When he had been roused back to consciousness by Mrs. Muriel, Buddha sat up and Mr. Curtis snatched the old fedora from Buddha’s head. He started trying to shape the hat, then looked at Buddha disapprovingly when the hat didn’t fit just right. Buddha shook his head and thought, ‘Yeah, it’s him.’
Spider grabbed Buddha’s hand, having returned from up town with the signed checks, and pulled him up. “You alright? You didn’t have to come in today…”
“You did.” Buddha gave his friend a meaningful, unblinking stare.
“I thought it would help me to stay occupied.” Spider shrugged and turned from the knowing eyes.
“Maybe it’ll help me, too.”
“Cool. Look, since you’re here, no one brought the candles to St. Ferdinand. I need you to get them blessed and get them all back before tomorrow.”
Even though the Prince was a magician, wizard, or priest, he made his living as a pardoner who dealt in religious relics, namely prayer candles. New Orleans is a city built heavily on its Catholic roots. The main example is that the state of Louisiana is divided among parishes, more like a diocese than a state with their counties – even more so is the city of New Orleans because every neighborhood had a church. In the not so distant past the only form of indisputable birth record was the church’s Christening records, and family Bibles with genealogies signed by priests were the forerunners to the Department of Vital Statistics. With that type of ingrained, almost genetic, association with church and the saints, the Prince made a fortune selling prayer candles. The glass candles themselves were painted in Haiti, which shares a voodoo connection to the Church of Rome, then they were blessed by Father Quentin O’Flannery at the church of St. Mary on Ferdinand and Royal in the Faubourg Marigny.
“I better hurry then, because if I’m late, he’ll make me sit through mass. Where’s George?”
“He already went that way with a load of candles, St. Valentine’s day and St. Anthony’s cleaned us out. Plus, he went to get there early so he could be in time for confession.”
Buddha’s temple thumped. “Confession? George is Jewish.

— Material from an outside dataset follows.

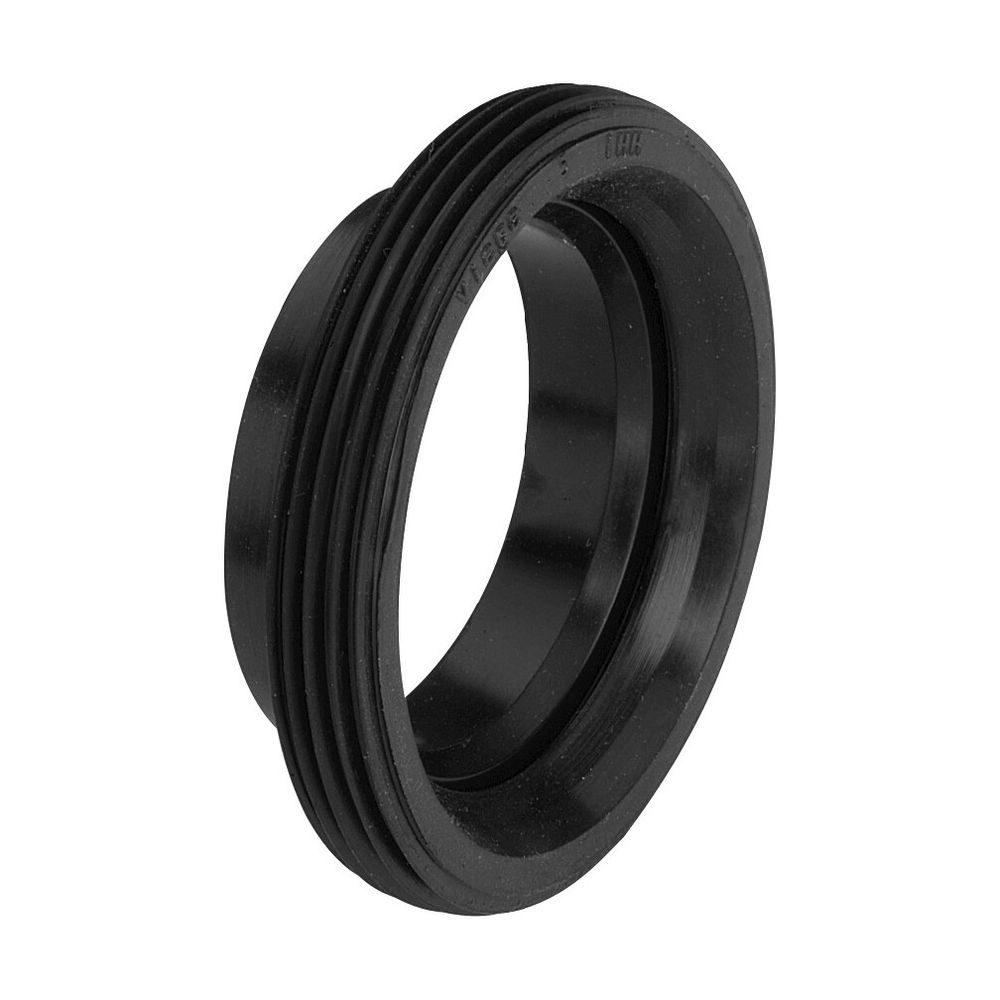 Viega Profildichtung 8310.38, d. 60mm, Gummi, Schwarz... VIEGA-407698 4015211407698 (Abb. 3)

Jews don’t confess.”
“Father Lucious says Catholics don’t have a monopoly on sin or confession. Maybe he just wanted someone to talk to.”
Fish ran out from some menial task behind the register and gave Spider a pleading look.

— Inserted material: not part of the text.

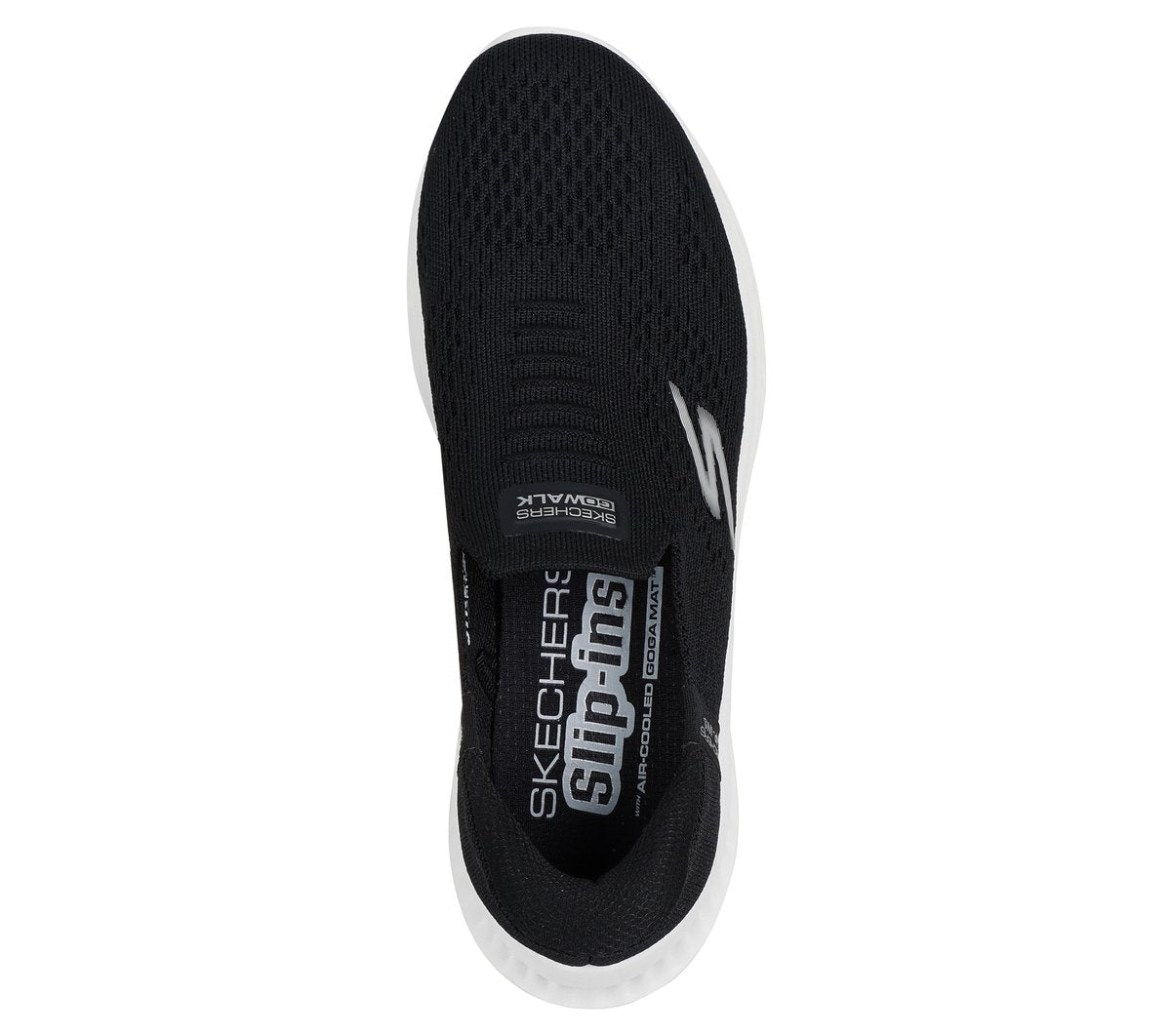 Skechers On sale | Women Slip-ins: GO WALK Now - Anahi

“Yes, Fish, you can go, too.”
Buddha, exasperated with this second change in such a short time, walked out the back door where the old beach combers they used for deliveries usually stood. There in their place were two shiny new Redline Valkyrie series Freestyle bikes. “Where did these come from?”
“A silver guy brought ‘em.”
“Tinman Taz.” Buddha stormed back into the store. “Where did the new bikes come from?” he asked again.

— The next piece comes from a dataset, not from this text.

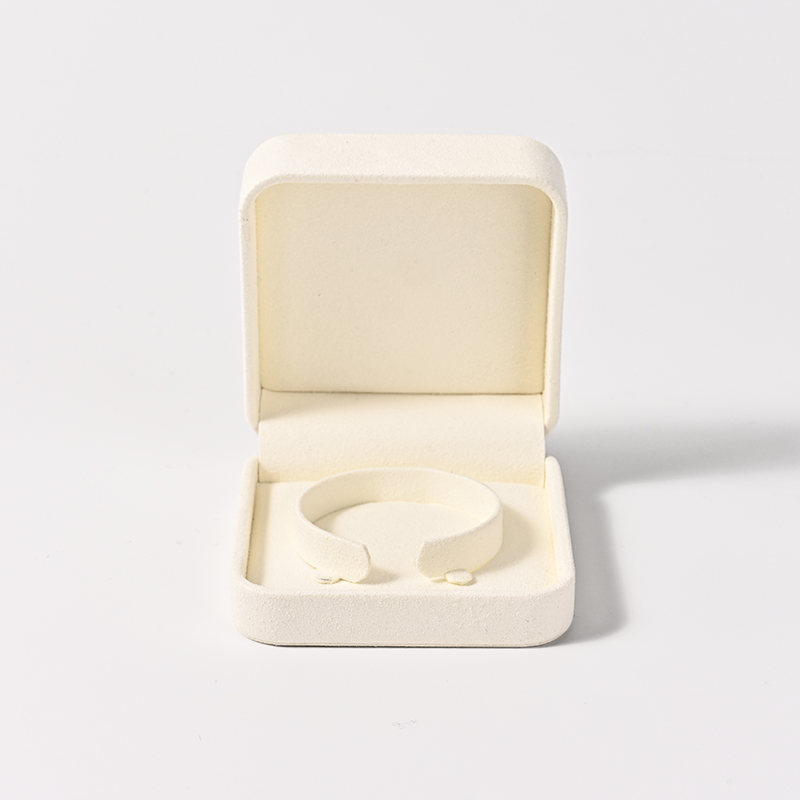 Jewellery Packaging Luxury Bracelet Jewelry Store Jewelry Box Packaging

“Rambo had ‘em. Tinman Taz brought ‘em since ‘Bo is in jail.” Spider said.
Buddha turned to grab his backpack from the place on the floor where he had fainted earlier, when he had a sickening thought. He froze and stared down at that backpack he carried every day in horror. The backpack was like his world on the go. No matter what life threw at the bald kid, if he had his backpack, he had what he might need. It was like a Bat Utility Belt, a D&D bag of holding, and Hermione’s purse all rolled into one.

Buddha’s grieving mind knew every item in that bag. He also knew that at the bottom of that bag was the letter that he had pulled out of the mailbox on St. Anthony’s Day. What if he had given that letter to Jesi?
Everyone was surprised that Bobby came home early. Would she have had the power to resist that temptation to get high, the temptation that killed her, if she knew he was coming home?
The boy shook his head and put on the backpack. Only now, it wasn’t the comfortable bag that gave him his strength. It was an anvil with straps. He set it down on the chair and said, “Hey, I’m gonna leave this here.”
There was an audible gasp as Mrs. Muriel and Spider said in chorus, “You never.”
Buddha rubbed his eyes with his palms and shouted, “Well people change, dammit!” he snatched up the candles and stormed out.